A maior das medidas destinas a essa transição foi a Comissão Nacional da Verdade (CNV), criada em 2011 com o propósito de apurar essas violações "com vistas à recuperação da memória histórica e promoção da reconciliação nacional", explica o autor na introdução do seu livro.  

O trabalho da CNV, contudo, foi "deficiente", segundo ele. "Foi sem dúvida a mais importante iniciativa do Estado brasileiro nesse sentido. Mas ela deixou muito a desejar. Ela levantou o véu dos crimes da ditadura, mas ela não aprofundou, até porque faltaram meios, esses trabalhos investigativos", avalia. 

Atualmente integrando o Conselho Federal da OAB, Hélio Leitão foi presidente da Comissão Nacional de Direitos Humanos da entidade durante sua pesquisa. Segundo ele, o propósito do trabalho é "manter acesa a chama do debate, a chama da de que o processo justransicional brasileiro continue, que haja um aprofundamento", explica. "Eu faço isso baseado nas experiências internacionais e no Direito Internacional dos Direitos Humanos", acrescenta. 

Comissão Nacional da Verdade
Legenda: O relatório da Comissão Nacional da Verdade foi oficialmente entregue em evento no Conselho Federal da OAB, em Brasília, em que participaram familiares, autoridades e membros da CNV
Foto: Isabella Reis/ASCOM-CNV

Lei de Anistia “é um produto bem brasileiro” 

O objetivo de Hélio Leitão com seu livro inclui a discussão sobre a necessidade de revisão da Lei de Anistia. "Ela é uma jabuticaba, um produto bem brasileiro. É uma lei de autoanistia, por uma interpretação que os tribunais brasileiros deram. Tribunal federal, inclusive", critica. 

A norma de 1979 concede “anistia a todos quantos (...) cometeram crimes políticos ou conexo com estes”. O problema, aponta o advogado, está na interpretação do que são esses crimes “conexos”. 

O entendimento de que são anistiados aqueles que resistiram ao regime militar, como também aqueles que atuaram torturaram, sequestraram, mataram em nome do regime.
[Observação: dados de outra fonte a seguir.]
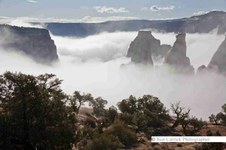 Enlarge photo 111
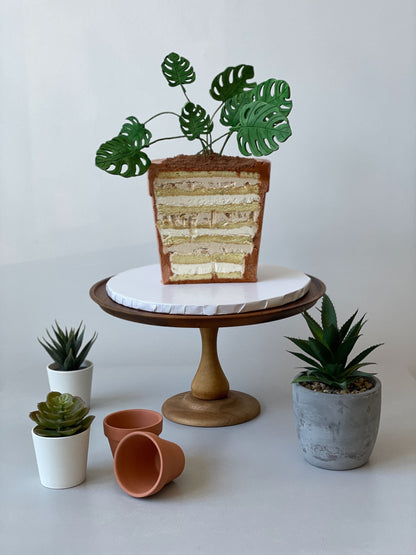 Potted plant - custom cake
É uma interpretação bizarra do que seriam crimes conexos”
Hélio Leitão
Autor, advogado e conselheiro federal da OAB

Leitão alerta que o Direito Internacional dos Direitos Humanos tem consolidado o entendimento "de que as leis de autoanistia são inválidas", incluindo diversas decisões da Corte Interamericana de Direitos Humano (CIDH), o Tribunal de São José da Costa Rica. 
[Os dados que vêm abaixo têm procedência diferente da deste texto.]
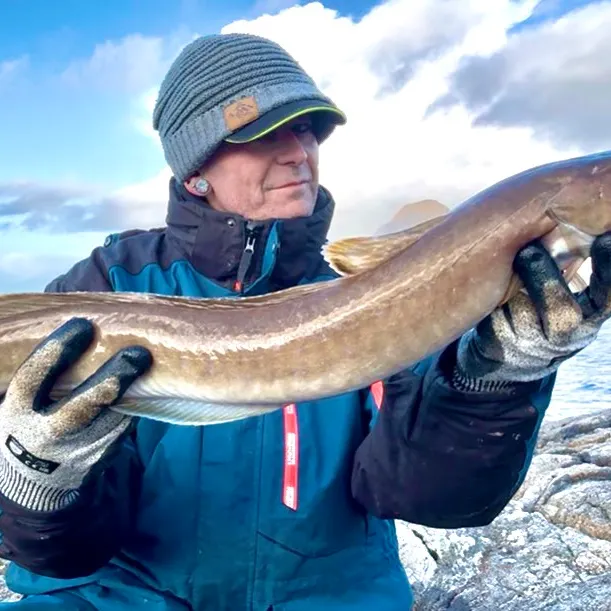 The most recent Red hake catches on Fishbrain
O Brasil, inclusive, tem duas condenações na CIDH (os casos Gomes Lund – Guerrilha do Araguaia e Vladimir Herzog), considerando que a Lei da Anistia é incompatível com a “Convenção Americana de Direitos Humanos”. Essas decisões trazem recomendações ao País, como a revisão dessa legislação. 

Além disso, o Conselho Federal da OAB a ingressou no Supremo Tribunal Federal (STF) com uma Ação de Descumprimento de Preceito Fundamental, a ADPF 153. O relator do processo, contudo, o então ministro Eros Grau ratificou que ninguém será punido pelos crimes por causa dessa lei. “Ele próprio um anistiado político”, lamentou o conselheiro federal da AOB. 

“E o Conselho Federal entrou com os Embargos de Declaração, um recurso que até hoje não foi julgado. Desde 2010 até hoje não foi julgado”, lamenta.  

Para Hélio Leitão, a revisão da lei é necessária para a reparação de injustiças, que tem um “caráter pedagógico”. “Então, eu ouso propor algumas ideias para a formulação de políticas públicas”, conclui. 

Mais informações 

O livro “Crianças e adolescentes vítimas da ditadura - Reparação dos danos à luz dos precedentes da Corte Interamericana de Direitos Humanos”, de Hélio Leitão, será lançado nesta quinta-feira (17), às 19h, no auditório da OAB-CE (Avenida Washington Soares, 800 – Guararapes). 

O evento contará com a presença de José Eduardo Cardozo, ex-ministro da Justiça (2011-2016) e ex-advogado-geral da União (2016).